On October 22, 2013, we acquired Portola Packaging, Inc. and its subsidiaries, or Portola, a leading manufacturer of plastic closures, for an aggregate purchase price of $262.8 million, net of cash acquired, which was funded through revolving loan borrowings under our senior secured credit facility. Portola operates eight facilities in North America and Europe and had sales of approximately $200 million in 2012. The results of operations of Portola have been reported primarily in our closures segment and were not significant since the acquisition date.
For this acquisition, we applied the acquisition method of accounting and recognized assets acquired and liabilities assumed at fair value as of the acquisition date using valuation techniques including the cost, market and income approaches. We recognized goodwill of $124.2 million and a customer relationship intangible asset of $62.0 million, having a weighted average life of 17 years, which is not expected to be deductible for tax purposes. The purchase price allocation is preliminary and subject to change pending a final valuation of deferred taxes and related balances.
PLASTIC FOOD CONTAINERS
On August 30, 2012, we acquired the plastic food container operations of Rexam PLC, which now operates under the name Silgan Plastic Food Containers, or PFC, for an aggregate purchase price of $250.0 million which was funded from cash on hand. PFC manufactures and sells barrier and non-barrier plastic thermoformed bowls and trays for shelf-stable foods to many of the world’s leading packaged food and ready-meal companies. The results of operations of PFC have been reported in our plastic container segment.

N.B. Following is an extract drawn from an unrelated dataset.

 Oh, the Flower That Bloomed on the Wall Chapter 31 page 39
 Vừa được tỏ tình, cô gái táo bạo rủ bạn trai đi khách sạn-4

For this acquisition, we applied the acquisition method of accounting and recognized assets acquired and liabilities assumed at fair value as of the acquisition date using valuation techniques including the cost, market and income approaches. We recognized goodwill of $113.3 million and definite-lived intangible assets of $78.0 million consisting of customer relationships of $67.0 million, having a weighted average life of 18 years, and technology know-how of $11.0 million, having a weighted average life of 8 years.
GRAHAM PACKAGING
In June 2011, Graham Packaging Company Inc., or Graham Packaging, terminated our definitive merger agreement and paid us a termination fee of $39.5 million in accordance with the terms of such merger agreement. The proceeds from the termination fee, net of costs associated with certain corporate development activities, have been recorded in selling, general and administrative expenses in the Consolidated Statement of Income for the year ended December 31, 2011.
VOGEL & NOOT
On March 1, 2011, we acquired the metal container operations of Vogel & Noot Holding AG, or VN, which is headquartered in Vienna, Austria. VN manufactures metal food and general line containers, with manufacturing facilities in Central and Eastern Europe and Asia. We acquired these operations for a total purchase price, including deferred amounts, of €212.4 million ($292.7 million translated at the U.S. dollar exchange rate at the date of acquisition), net of cash acquired. We funded the purchase price for this acquisition from Euro denominated revolving loan borrowings under our senior secured credit facility. In March 2012, we paid the deferred portion of the purchase price under the purchase agreement of €36.4 million ($47.6 million translated at the U.S. dollar exchange rate at the date of payment). We applied the acquisition method of accounting and recognized assets acquired and liabilities assumed at fair value as of the acquisition date. For this acquisition, we recognized goodwill of $56.6 million, a customer relationship intangible asset of $19.3 million and a trade name of $3.4 million. VN’s results of operations have been included in our metal container business since the acquisition date.